Mr Ahern said that gun murder investigations were being hampered by witnesses unwilling to give evidence because of intimidation by gangs.
He said: "We've seen how the Special Criminal Court worked in the past where it's on the word of members of gardaí who have the information and these are things we have to look at.
"But they're not entirely the kind of things that I would like to operate. But if gangs continue to try to do what they're doing then we as legislators will be forced to look at some of these issues.
"But we have to consider them carefully."
Mr Ahern said that detection rates in non-gangland related murders were more successful because of greater co-operation from the community.
He added: "Those that are threatened won't speak. Associates of those killed won't speak. Not even when it is in their own interests, to save their own lives, will they co-operate. That is creating a lot of pressure for the gardai.
"Gardaí need evidence. The system is an evidence-based system. But they are finding it horrendously difficult in Dublin and in at least one other city. But that doesn't mean gardai are giving up.
"The gardaí can't be in every driveway, in every pub car park, on every highway, watching every known criminal. They just can't do that."
Labour leader Eamon Gilmore called for the expansion of the witness protection programme to cover gangland crimes, legislation to outlaw membership of criminal gangs and for the full implementation of the National Drugs Strategy.
He added: "Gardaí are not on top of it because they're not in the community. We don't have a system of community policing that people can be in touch with.
"Since you became Taoiseach there are children who are born, 10 years ago, who are on a conveyor belt to criminal activity.
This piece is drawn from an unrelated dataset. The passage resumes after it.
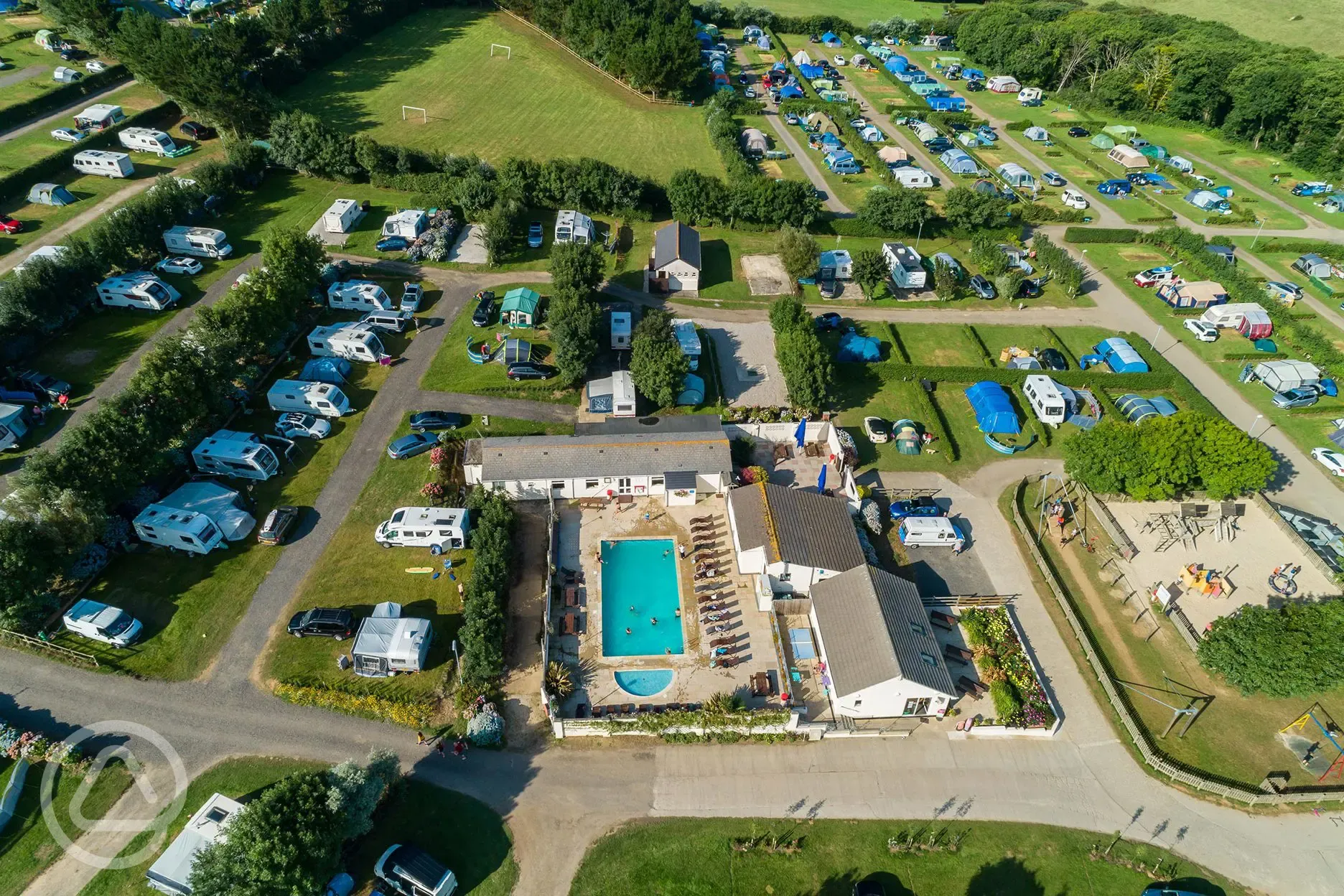 Bird's eye view of Treloy Touring Park with the outdoor swimming pool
Growing up on crime. The people who deal with them know where their future is heading.
Fine Gael leader Enda Kenny said that everybody in the country recognises that Ireland has become a far less civilised place to live in over the last ten years.
"In that time gun crime has doubled, trebled, quadrupled. Gun murders are six times what they were in 1998 and detection is down by 75 per cent. Conviction rates have fallen and it seems that zero tolerance is a long gone, distant memory. It appears that the Taoiseach has given up on this job."
He told TDs that geography, environment and local circumstances all dictate that the John Daly's of this world die because of the inability of the Government to deal with gangland crime.